What you have to do:
Go through the following data and transcribe exactly the stretch of lines from the one holding "Мысли борчанина по" to the one holding "EGF・マリン◼︎計2点 Amazon.co.jp: ELING", both included.

Stored data:
────

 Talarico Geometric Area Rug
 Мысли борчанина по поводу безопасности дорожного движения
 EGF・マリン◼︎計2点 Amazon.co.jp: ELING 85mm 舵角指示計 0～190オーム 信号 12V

────

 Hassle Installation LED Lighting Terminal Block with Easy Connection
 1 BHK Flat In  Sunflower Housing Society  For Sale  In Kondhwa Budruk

────

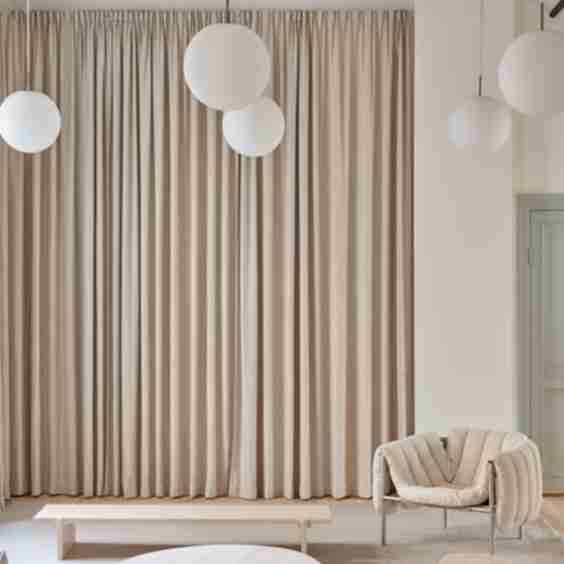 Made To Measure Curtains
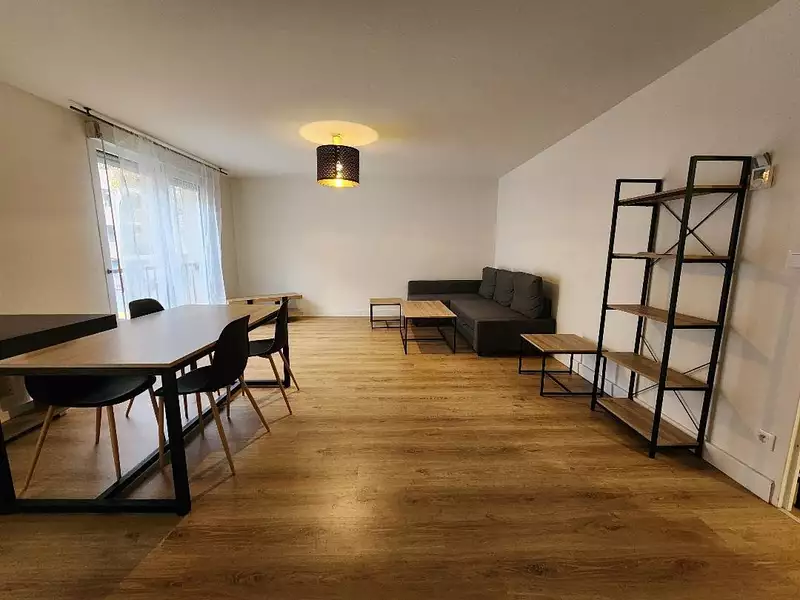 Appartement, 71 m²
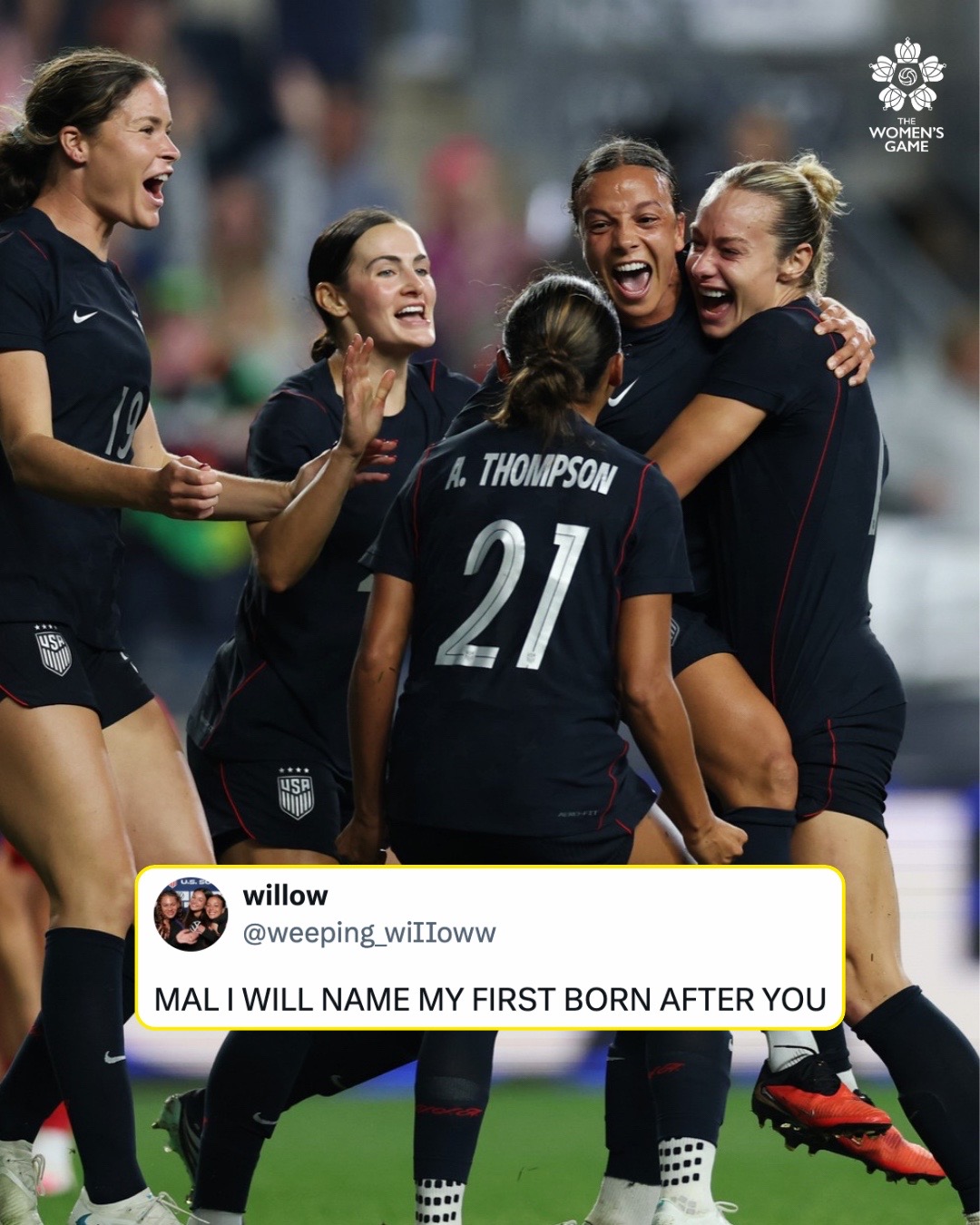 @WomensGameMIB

────

Expected output:
 Мысли борчанина по поводу безопасности дорожного движения
 EGF・マリン◼︎計2点 Amazon.co.jp: ELING 85mm 舵角指示計 0～190オーム 信号 12V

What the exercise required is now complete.